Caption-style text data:
<<<<
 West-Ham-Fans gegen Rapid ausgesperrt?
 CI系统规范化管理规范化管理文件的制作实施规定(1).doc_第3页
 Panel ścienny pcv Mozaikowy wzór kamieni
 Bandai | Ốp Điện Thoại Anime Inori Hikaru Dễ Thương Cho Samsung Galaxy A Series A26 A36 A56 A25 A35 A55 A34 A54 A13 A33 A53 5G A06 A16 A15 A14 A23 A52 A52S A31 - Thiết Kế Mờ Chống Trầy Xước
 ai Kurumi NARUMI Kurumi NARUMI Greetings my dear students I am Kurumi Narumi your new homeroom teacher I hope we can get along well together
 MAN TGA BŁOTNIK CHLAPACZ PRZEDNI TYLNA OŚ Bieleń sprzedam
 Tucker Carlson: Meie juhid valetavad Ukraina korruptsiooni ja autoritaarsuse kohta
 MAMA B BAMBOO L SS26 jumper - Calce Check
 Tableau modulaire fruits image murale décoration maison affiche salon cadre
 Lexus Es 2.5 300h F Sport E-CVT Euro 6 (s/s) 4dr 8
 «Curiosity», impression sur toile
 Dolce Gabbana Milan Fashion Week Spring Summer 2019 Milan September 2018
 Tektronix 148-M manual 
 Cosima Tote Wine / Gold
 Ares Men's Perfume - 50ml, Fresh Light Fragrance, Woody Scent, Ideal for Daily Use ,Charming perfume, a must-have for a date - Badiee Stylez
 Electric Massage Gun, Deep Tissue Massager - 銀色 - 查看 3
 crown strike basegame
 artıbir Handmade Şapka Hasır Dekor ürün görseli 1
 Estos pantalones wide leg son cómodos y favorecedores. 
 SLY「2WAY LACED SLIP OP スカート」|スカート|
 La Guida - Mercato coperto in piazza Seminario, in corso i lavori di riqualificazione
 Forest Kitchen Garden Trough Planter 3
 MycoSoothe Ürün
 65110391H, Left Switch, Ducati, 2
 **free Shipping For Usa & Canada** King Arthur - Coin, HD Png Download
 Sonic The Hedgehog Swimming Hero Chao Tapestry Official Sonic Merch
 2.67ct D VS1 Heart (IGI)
>>>>
- _Description of the task_:
Only the lines from the one that contains "MycoSoothe Ürün" to the end of the data should be output, exactly as they appear.

- _Solved problem_:
 MycoSoothe Ürün
 65110391H, Left Switch, Ducati, 2
 **free Shipping For Usa & Canada** King Arthur - Coin, HD Png Download
 Sonic The Hedgehog Swimming Hero Chao Tapestry Official Sonic Merch
 2.67ct D VS1 Heart (IGI)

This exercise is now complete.